Deployment Methods

Magemaker offers multiple ways to deploy your models to AWS, GCP and Azure. Choose the method that best fits your workflow.

Interactive Deployment

When you run the magemaker --cloud [aws|gcp|azure|all] command, you’ll get an interactive menu that walks you through the deployment process:

magemaker --cloud [aws|gcp|azure|all]

This method is great for:

  • First-time users
  • Exploring available models
  • Testing different configurations

YAML-based Deployment

For reproducible deployments and CI/CD integration, use YAML configuration files:

magemaker --deploy .magemaker_config/your-model.yaml

This is recommended for:

  • Production deployments
  • CI/CD pipelines
  • Infrastructure as Code (IaC)
  • Team collaborations

Multi-Cloud Deployment

Magemaker supports deployment to AWS SageMaker, GCP Vertex AI, and Azure ML. Here’s how to deploy the same model (facebook/opt-125m) to different cloud providers:

AWS (SageMaker)

deployment: !Deployment
  destination: aws
  endpoint_name: opt-125m-aws
  instance_count: 1
  instance_type: ml.m5.xlarge

models:
  - !Model
    id: facebook/opt-125m
    source: huggingface

GCP (Vertex AI)

deployment: !Deployment
  destination: gcp
  endpoint_name: opt-125m-gcp
  instance_count: 1
  machine_type: n1-standard-4
  accelerator_type: NVIDIA_TESLA_T4
  accelerator_count: 1

models:
  - !Model
    id: facebook/opt-125m
    source: huggingface

Azure ML

deployment: !Deployment
  destination: azure
  endpoint_name: opt-125m-azure
  instance_count: 1
  instance_type: Standard_DS3_v2

models:
  - !Model
    id: facebook-opt-125m
    source: huggingface

YAML Configuration Reference

Basic Deployment

deployment: !Deployment
  destination: aws
  endpoint_name: test-bert-uncased
  instance_count: 1
  instance_type: ml.m5.xlarge

models:
  - !Model
    id: google-bert/bert-base-uncased
    source: huggingface

Advanced Configuration

deployment: !Deployment
  destination: aws
  endpoint_name: test-llama3-8b
  instance_count: 1
  instance_type: ml.g5.12xlarge
  num_gpus: 4

models:
  - !Model
    id: meta-llama/Meta-Llama-3-8B-Instruct
    source: huggingface
    predict:
      temperature: 0.9
      top_p: 0.9
      top_k: 20
      max_new_tokens: 250

Cloud-Specific Instance Types

AWS SageMaker Types

Choose your instance type based on your model’s requirements:

ml.m5.xlarge

Good for smaller models like BERT-base

  • 4 vCPU
  • 16 GB Memory
  • Available in free tier

ml.g5.12xlarge

Required for larger models like LLaMA

  • 48 vCPU
  • 192 GB Memory
  • 4 NVIDIA A10G GPUs

Remember to deactivate unused endpoints to avoid unnecessary charges!

GCP Vertex AI Types

n1-standard-4

Good for smaller models

  • 4 vCPU
  • 15 GB Memory
  • Cost-effective option

a2-highgpu-1g

For larger models

  • 12 vCPU
  • 85 GB Memory
  • 1 NVIDIA A100 GPU

Azure ML Types

Standard_DS3_v2

Good for smaller models

  • 4 vCPU
  • 14 GB Memory
  • Balanced performance

Standard_NC6s_v3

For GPU workloads

  • 6 vCPU
  • 112 GB Memory
  • 1 NVIDIA V100 GPU

Deployment Best Practices

  1. Use meaningful endpoint names that include:

    • Model name/version
    • Environment (dev/staging/prod)
    • Team identifier
  2. Start with smaller instance types and scale up as needed

  3. Always version your YAML configurations

  4. Set up monitoring and alerting for your endpoints

Make sure you setup budget monitory and alerts to avoid unexpected charges.

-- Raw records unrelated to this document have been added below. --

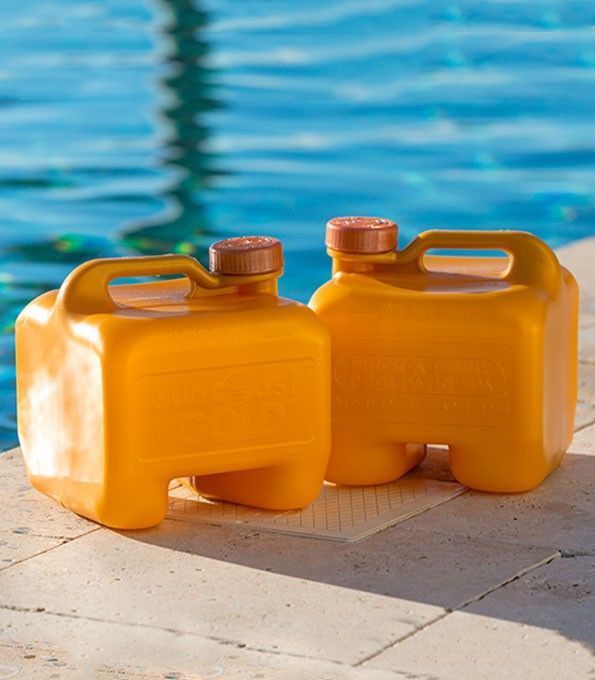Two bright orange, rectangular plastic water jugs sitting on a stone pool deck beside blue water.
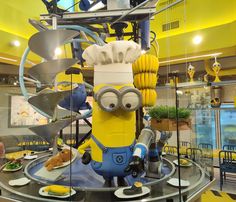 a statue of a minion is on display in a restaurant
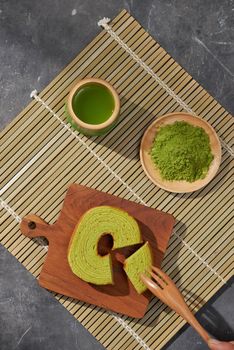 Matcha green tea latte in a cup and tea ceremony utensils with German cake. Copy space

Troubleshooting Deployments

Common issues and their solutions:

  1. Deployment Timeout

    • Check instance quota limits
    • Verify network connectivity
  2. Instance Not Available

    • Try a different region
    • Request quota increase
    • Use an alternative instance type
  3. Model Loading Failure

    • Verify model ID and version
    • Check instance memory requirements
    • Validate Hugging Face token if required
    • Endpoing deployed but deployment failed. Check the logs, and do report this to us if you see this issue.